Виталий МАЛЫШЕВ. «Поступью командора и пророка»:

«В 1964 году по горло загруженный директорскими делами, Евней Арстанович взялся за оформление докторской диссертации и попросил меня провести рутинные термодинамические расчеты для большой группы теллуритов и теллуратов разными методами… Все шло хорошо — бери из справочников данные, подставляй в формулу и считай, но на последнем методе вышла осечка. Не получаются прямые зависимости — и все тут. Причем как-то интересно не получаются. Одной второй периодичностью не объяснить. Что делать? Оставить «на потом»? Так поначалу и решили.
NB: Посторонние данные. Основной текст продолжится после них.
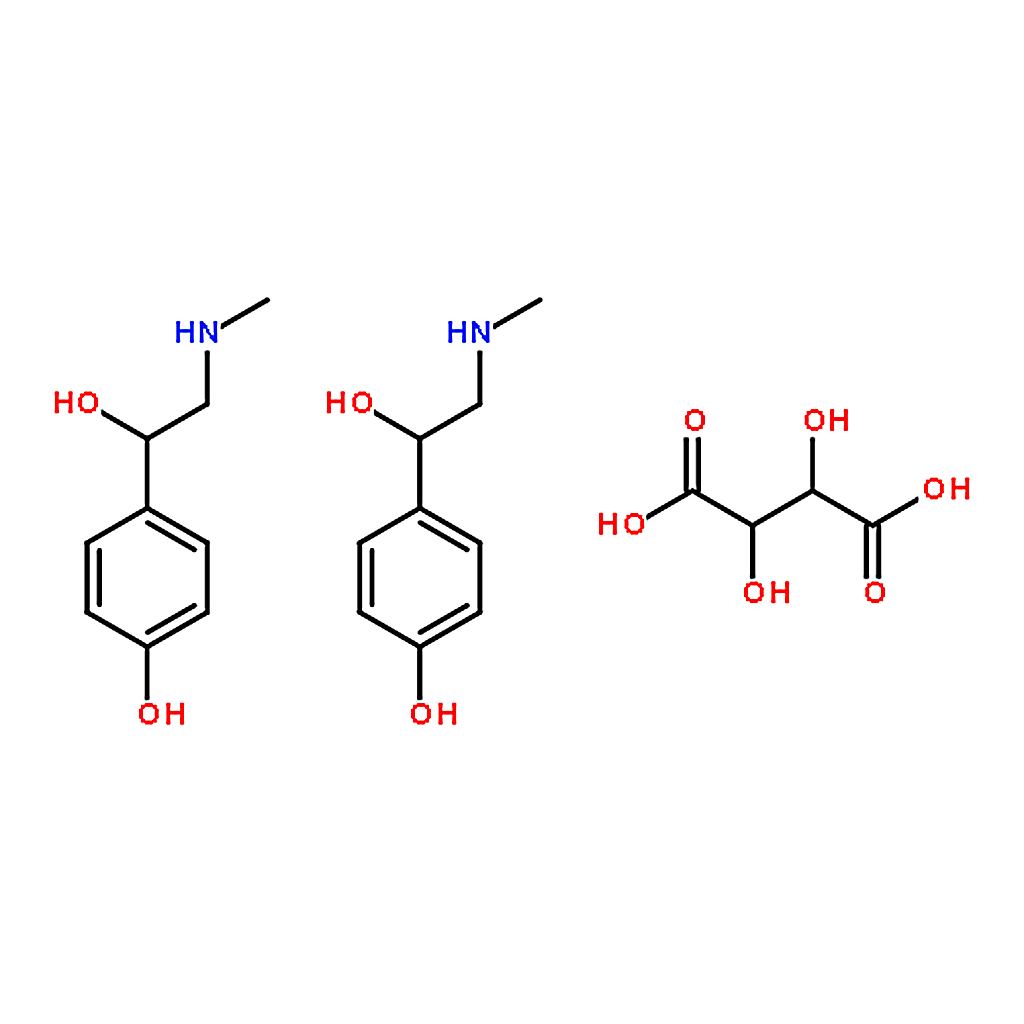 RHAWN Synephrine Tartrate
Но через некоторое время при очередном звонке Ев нею Арстановичу докладываю о текущих результатах и слышу его возбужденный голос: «Ты посмотри работы Григоровича в трудах института металлургии АН СССР, у него там что-то оригинальное по выявлению третьих электронных оболочек». О докторской на время забыли, стали разбираться и нашли неожиданный аспект решения проблемы. Только после этого вернулись на грешную землю исполнять свои обязательные программы, после которых уже со вкусом занялись лакомым блюдом. Нам показалось тогда, да и сейчас нет особых сомнений, что найденная закономерность претендует на открытие. Во всяком случае, Михаил Христофорович Карапетьянц ответил на наше обращение по этому поводу, что он не сомневается в оригинальности нашего подхода, но требуются более широкая проверка и тщательное обоснование…

Мы дали один из аспектов проблемы на разработку нашей аспирантке Симбиновой К. Ж., которая успешно защитила диссертацию с ведущей организацией — Московским химико-технологическим институтом имени Д. И. Менделеева, где работают крупные ученые в области строения вещества. Теперь Кадиша Жантурсуновна — профессор физической химии. Работа над проблемой продолжается и сейчас в контакте со специалистами по квантовой химии».

Евней Букетов отличался чистой, беззаветной, рыцарской преданностью науке и служение ей считал своим священным долгом.

Подтверждение тому мы находим в статье российского ученого, ректора Уральского политехнического института С. С. Набойченко, названной «Самородок, мыслитель, труженик»: «В 1978 году я подготовил докторскую диссертацию, посвященную изучению и разработке автоклавных технологий в металургии меди. И при формировании «команды оппонентов» наш выбор с моим научным руководителем И. Ф. Худяковым остановился и на Евнее Арстановиче: «Компетентен, авторитетен, динамичен, но перегружен…» Поэтому любезное согласие его быть оппонентом моей работы было для меня, по мнению И. Ф. Худякова, и для нашего докторского совета почетным и полезным. Все шло нормально, разослал автореферат, получены отзывы от двух оппонентов и передового предприятия, защита назначена на 7 февраля 1979 года. И вдруг за две недели до защиты Евней Арстанович приглашает меня в Караганду, показывает экземпляр диссертации с правками, дает прослушать диктофон с его замечаниями и обобщает: «Очень хорошая работа, но немало стилистических погрешностей, надо их исправить. Мне, казаху, неудобно делать вам, русскому ученому, замечания по стилю русского языка». Вполне понятно, я был огорчен, даже пошел на обострение: «Согласен защищать при любом вашем отзыве». Евней Арстанович остался непоколебим. Ни разъяснения, ни просьбы председателя докторского совета и его заместителя не повлияли на его решение. Пришлось защиту перенести на месяц; к моему несчастью, срок полномочий ученого совета к этому моменту истек. И только через год, в феврале 1980 года, состоялась защита. Е. А. Букетов дал хороший отзыв, голосование единогласное, через полгода пришло утверждение ВАКа. Год не прошел для меня даром еще и потому, что я достал опубликованные художественные произведения Букетова Е. А., с удовольствием их прочитал, отмечая про себя живость языка и сочность образов. Признаюсь, я внимательно просмотрел еще раз ряд монографий под авторской редакцией Е. А. Букетова; стилистически они были написаны совершеннее, чем моя докторская диссертация… Не скрою, было обидно, даже сгоряча непонятно; но, оценивая эти события по временному фактору, сознаю: урок я получил поучительный и незабываемый. Стараюсь максимально обдумывать построение и изложение фразы, мысли. Конечно, я благодарен за такую встряску. И однозначно так поступить мог не только сильный, но и убежденный в своей правоте человек».